◆ WORK TO BE COMPLETED
Transcribe word for word each line from the one containing "hand wash station next to portable toilet" to the final line of the data, both included. Skip the pictures.

━━━━

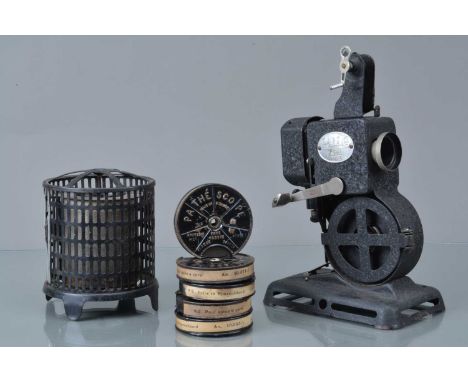 A Pathe Kid 9.5mm Cine Projector, hand crank moves freely, body G, elements G, with 9.5mm Pathe films, titles No 1 & 2 Felix 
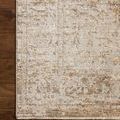 Close-up of rug edge on hardwood floor revealing subtle color variations and fringe detail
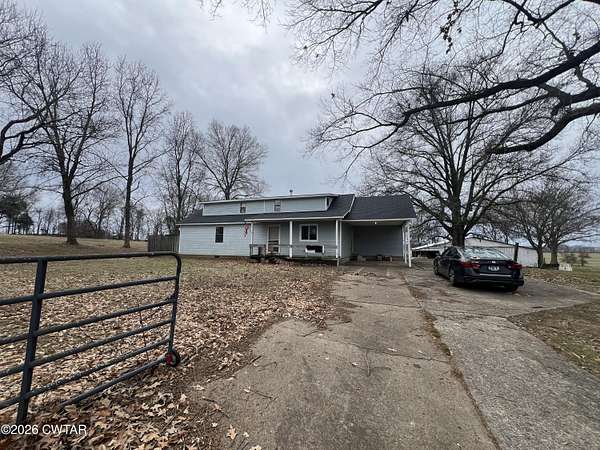 5.7 Acres of Residential Land with Home for Sale in Dyersburg, Tennessee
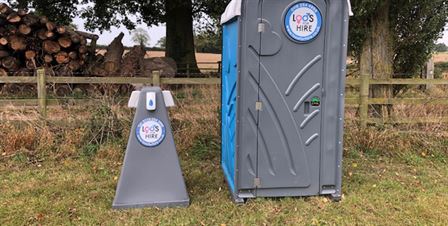 hand wash station next to portable toilet 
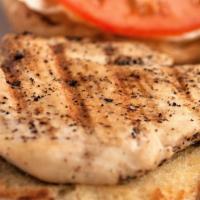 Grilled Chicken Sandwich · 6 oz chicken breast hot off the grill, topped with lettuce, tomato and mayo, served on a toa...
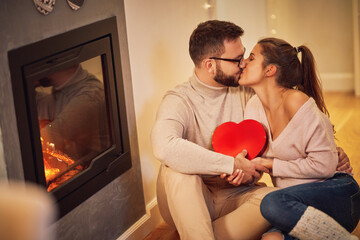 Wall Mural - Adult couple with present over fireplace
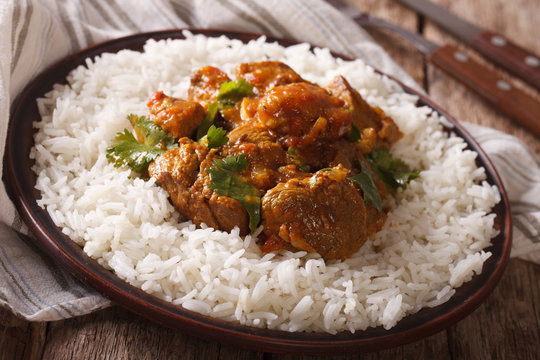 madras beef with garnish basmati rice close-up on a plate. horizontal
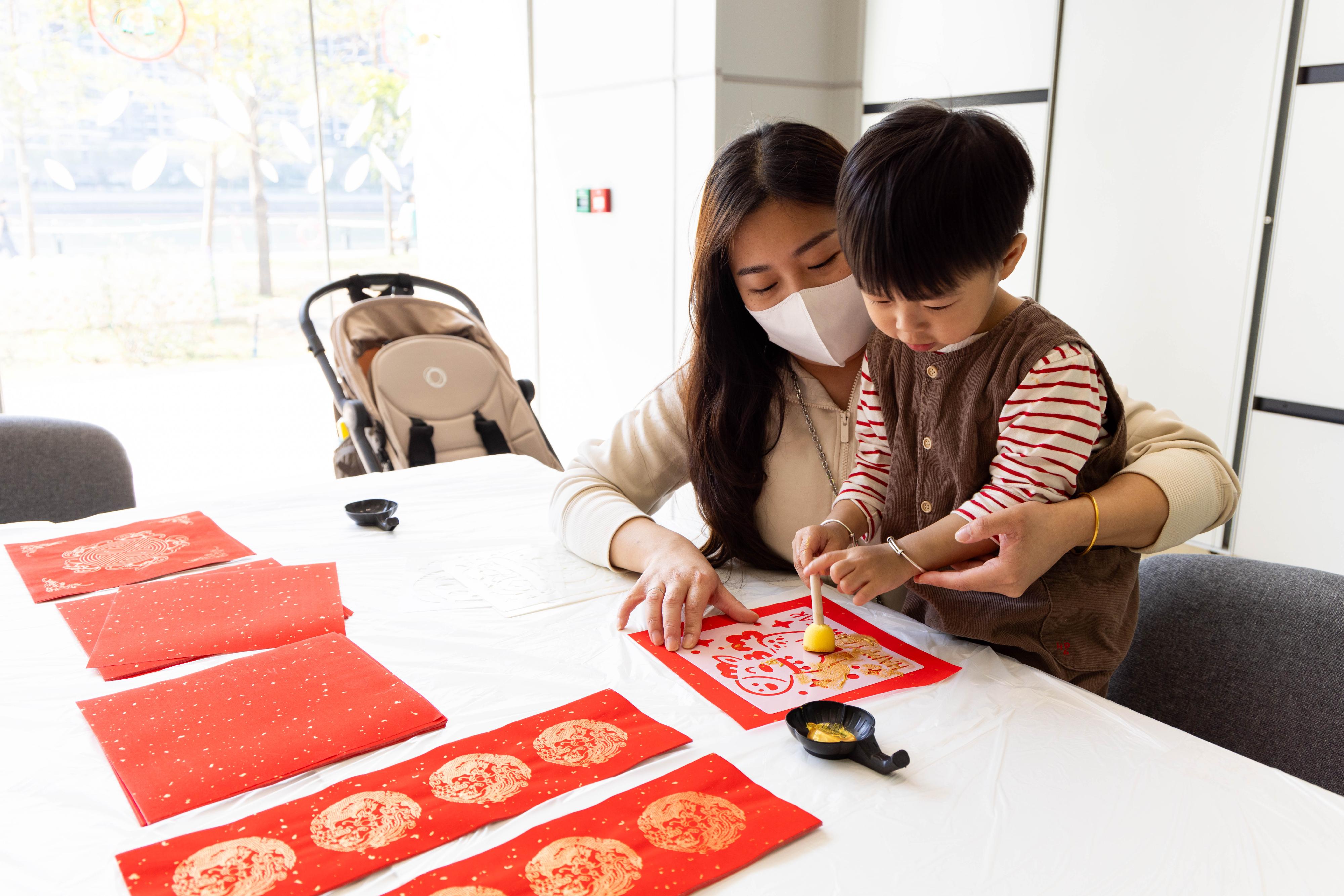 A patient joyfully designs Lunar New Year decorations at Hong Kong Children's Hospital.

━━━━

◆ SOLUTION FOR THIS TASK
 hand wash station next to portable toilet 
 Grilled Chicken Sandwich · 6 oz chicken breast hot off the grill, topped with lettuce, tomato and mayo, served on a toa...
 Wall Mural - Adult couple with present over fireplace
 madras beef with garnish basmati rice close-up on a plate. horizontal
 A patient joyfully designs Lunar New Year decorations at Hong Kong Children's Hospital.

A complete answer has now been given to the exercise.